Others News
- Beijing News
Date: 7-May-2007 Sources: (Xinhua Online)
Anyone who drives in Beijing during the weeklong May Day holiday would be impressed by a paperback menu presented by smiling staff in the city's service stations.
The reason is that notes on the menu could remind people of days marking the 24 divisions of the solar year in the traditional Chinese calendar _ and in a way that brings them back to the farmland where Chinese people have been working for thousands of years.
'My son loves feeding chickens and picking up eggs in the countryside, ' said Cao Huiming, a senior manager of a Beijing-based company and father of a ten-year-old boy, 'He's also fond of the food here,' he added.
More attractive for the teenage boy is to water chestnuts, which could help him 'establish some spiritual ties with the ancient Chinese farming culture in this dot com age', said his father.
'We have more and more visitors from the cities in recent years,'said Li Gensheng, a farmer in Jinpan Village of central China's Jiangxi Province, 'Tourism has made our life better,' added the stout man.
The vogue is sweeping across the nation, from Beijing to Yunnan, and Zhejiang to Tibet.
Sources with the National Holiday Office show that scenery sites scattered in rural areas receive 300 million tourists every year, collecting a revenue of 40 billion yuan (5.2 billion U.S. dollars).
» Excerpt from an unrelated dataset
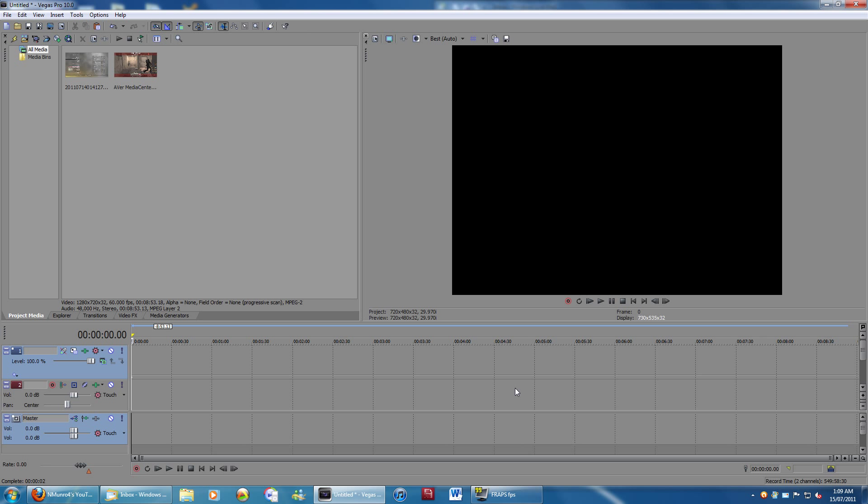Hello YouTube, my name is Nick, and today I'll be showing you how to edit HD videos, specifically Call of Duty gameplay, using Sony Vegas Pro.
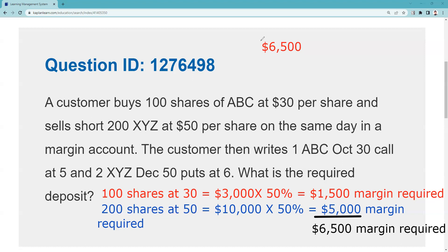For the two XYZ December 50 puts at 6, I don't have to do the 20% of the market value plus the premium less the out-of-the-money amount because I have an obligation to buy 200 shares of XYZ, and I'm going to need to buy those 200 shares to cover the short position. This put is not a naked put because I have an obligation to buy stock I need to cover the short position. If I didn't have the short stock position, it would be 20% of market value plus the premium less the out-of-the-money amount. So not only do I not need margin for the covered call or the covered put, I actually get to use that money to meet the margin requirements.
'People's favor in traveling across the countryside shows their pursuit of harmony between human and nature,' said Shao Qiwei, director of China's National Tourism Administration.
A tour to farmland links ancient China with the industrializing economic powerhouse in Asia.
'Tourists from cities have offered us job opportunities and tourism revenue, and above all they have brought information and a modernized way of life.' said Gao Rongkuan, a village cadre in the suburb of Beijing.